Article 9 du Code civil : Le concept du droit au respect de la vie privée

L’article 9 du Code civil relève donc du domaine du « secret », de ce que la personne préfère ne pas exposer (comme elle peut le faire dans la sphère publique, par exemple).

Face aux atteintes qui pouvaient être portées à la vie privée des individus, le « droit français » a, ainsi, pris conscience de la nécessité de protéger la vie privée et de créer un mécanisme de protection autonome.

Aussi, et avant même que le législateur français ne le garantisse pleinement, le droit au respect de la vie privée de l’article 9 du Code civil a d’abord été consacré par le droit international et européen : au sein de la Convention européenne de sauvegarde des droits de l’Homme et des libertés fondamentales, par exemple, en son article 8 (cet article proclame le droit de toute personne au respect « de sa vie privée et familiale, de son domicile et de sa correspondance »), mais, également, au sein de la Déclaration universelle des droits de l’Homme (article 12), du Pacte international relatif aux droits civils et politiques (article 17) et de la Charte des droits fondamentaux (article 7).

C’est la jurisprudence, ensuite, qui a entendu protéger ce droit si particulier, en réaction, notamment, au régime trop « strict » de la responsabilité civile, qui impose la démonstration d’un préjudice subi par la victime.

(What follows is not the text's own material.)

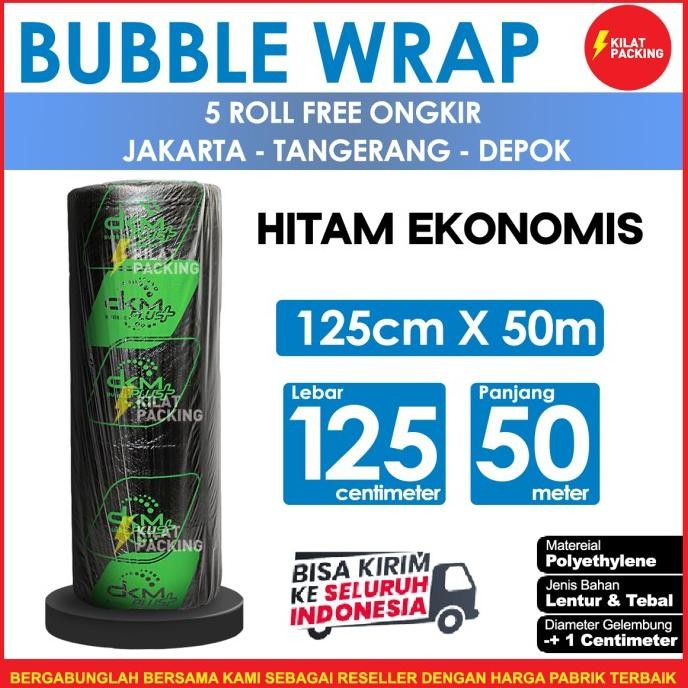 

tersedia plastik bubble wrap 125cm x 50m / bubble wrap hitam ekonomis dkm plus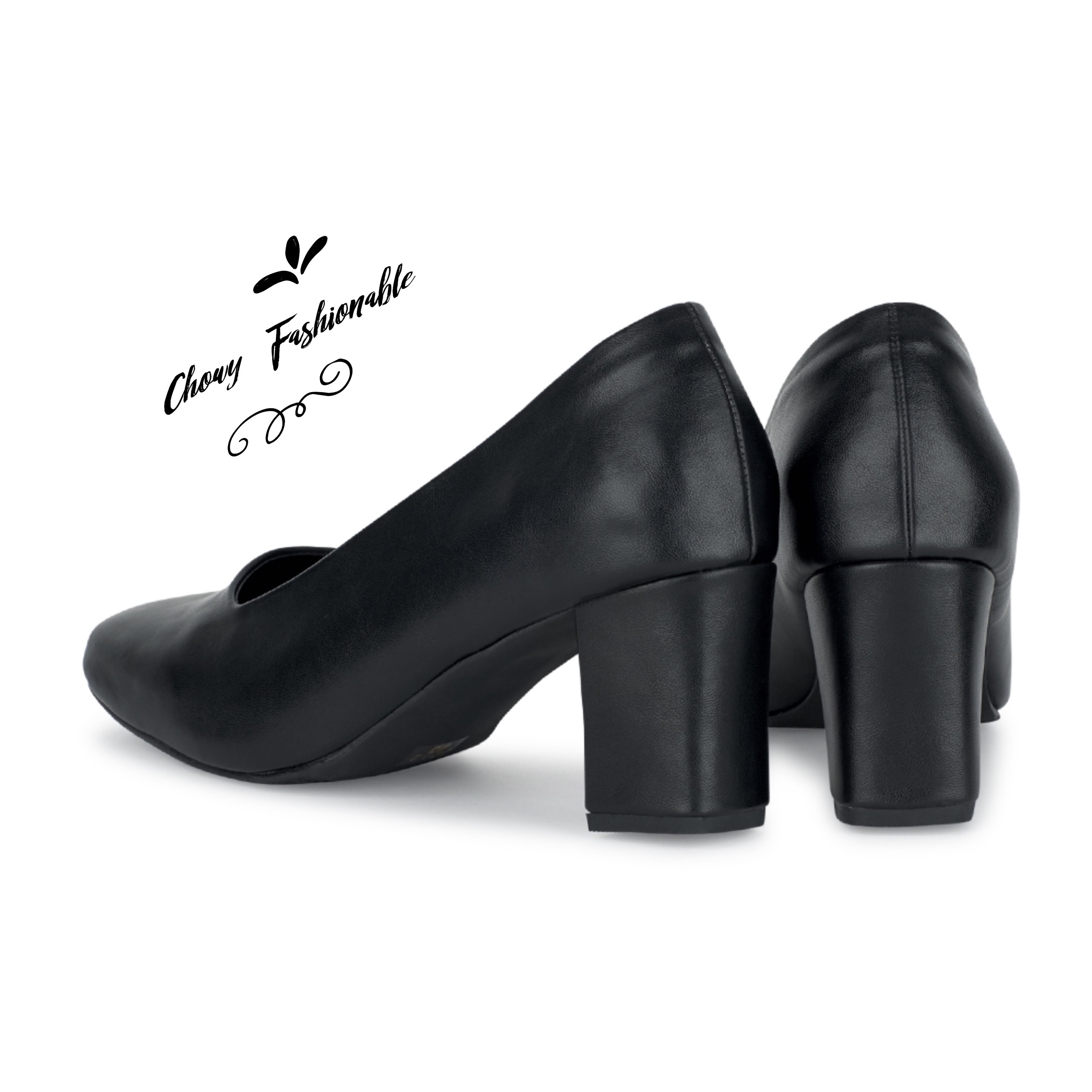 รองเท้าไซส์ใหญ่ 37-50 คัชชูส้นหนังแท้ คัชชูเตี้ยหัวตัด ใส่ออกงาน รับปริญญาไซส์ใหญ่ คัชชูสีดำทางการ รองเท้าสุภาพทางการ CH0157BL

Depuis lors, la seule constatation de l’atteinte à la vie privée ouvre, alors, droit à réparation (la jurisprudence, en ce sens, a, dès lors, consacré l’autonomie de la protection de ce droit).

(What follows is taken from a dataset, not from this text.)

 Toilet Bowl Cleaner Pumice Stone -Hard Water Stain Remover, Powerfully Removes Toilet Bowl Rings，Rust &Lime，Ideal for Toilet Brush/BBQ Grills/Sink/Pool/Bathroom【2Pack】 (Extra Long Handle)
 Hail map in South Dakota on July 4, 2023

Cette prise de position par les juges a, finalement, amené le législateur français à prendre ses responsabilités, avec la loi du 17 juillet 1970. Par cette loi, le législateur a, ainsi, légalisé la jurisprudence existante et introduit, au sein du code civil, ce fameux article 9 du Code civil qui permet au juge civil (outre la possibilité pour la victime d’agir sur le terrain de la responsabilité civile et d’obtenir des dommages et intérêts) de « prescrire toutes mesures, telles que séquestre, saisie et autres, propres à empêcher ou faire cesser une atteinte à l’intimité de la vie privée : ces mesures peuvent, s’il y a urgence, être ordonnées en référé ».

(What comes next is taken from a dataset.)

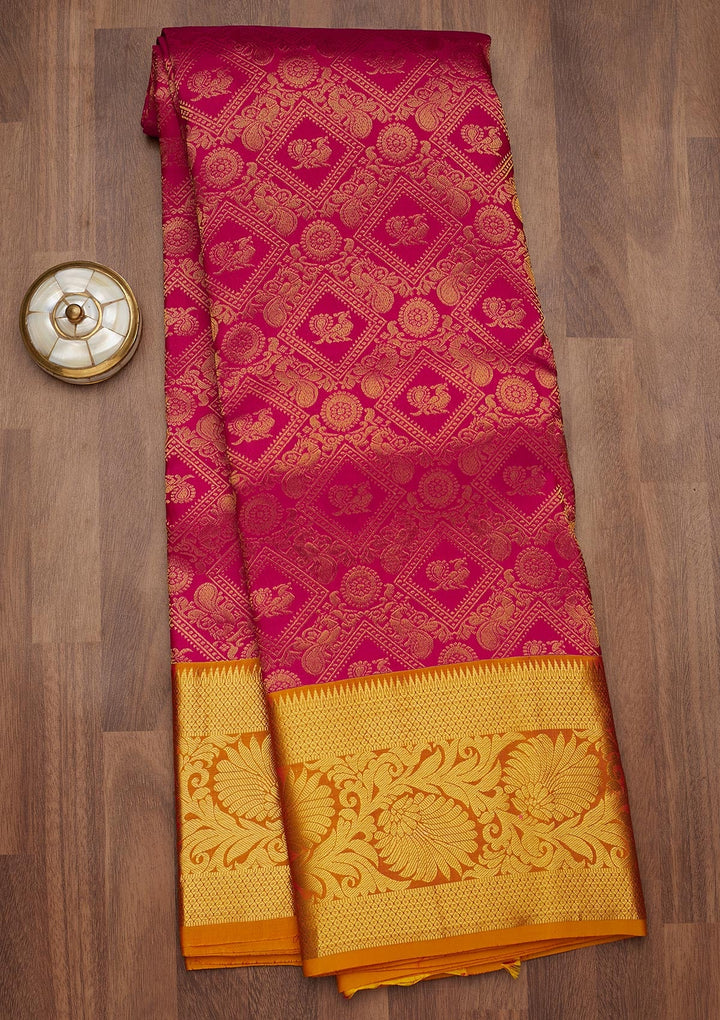 Rani Pink Zariwork Pure Silk Saree-Koskii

Notons, enfin, que le droit au respect de la vie privée a également été consacré sur le plan constitutionnel et, qu’à ce titre, le fondement de la valeur constitutionnelle de ce droit a quelque peu évolué. En effet, la consécration de ce droit, par les juges constitutionnels, n’a été admise, au départ, qu’à travers le principe de la liberté individuelle, garantie par l’article 66 de la Constitution (par exemple : Décis. Cons. Cons. N° 94-352 DC, 18/01/1995).

Puis, le Conseil a admis, dans une décision en date du 23 juillet 1999 (Décis. Cons. Cons. N°99-416 DC, 23/07/1999), que ce droit devait être rattaché à l’article 2 des sources du droit de la DDHC de 1789, qui prévoit que « Le but de toute association politique est la conservation des droits naturels et imprescriptibles de l’homme. Ces droits sont la liberté, la propriété, la sûreté et la résistance à l’oppression », et notamment au droit fondamental qu’est la liberté.

Le droit au respect de la vie privée de l’article 9 du Code civil est donc un droit fondamental, garanti à tous les niveaux. Mais, finalement, qu’est-ce que le droit au respect de la vie privée ? Quelles sont les limites de ce droit ? Quelles sont les atteintes pouvant être portées à ce droit et comment les prouver ?

Qu’est-ce que le droit au respect de la vie privée ? | Article 9 du Code civil

Le droit au respect de la vie privée de l’article 9 du Code civil n’a aucune définition légale. S’il renvoie au domaine de l’intimité, pour autant son contenu reste relativement vague.

Certains auteurs se sont, toutefois, essayés à donner une définition de la notion de « vie privée ». Ainsi, Badinter a tenté de définir cette notion de manière négative, en l’opposant à la vie publique qui constitue « la part de notre vie qui se déroule en présence du public », tandis que le doyen Carbonnier a vu cette notion comme « la sphère secrète de la vie où l’individu aura le pouvoir d’écarter les tiers ».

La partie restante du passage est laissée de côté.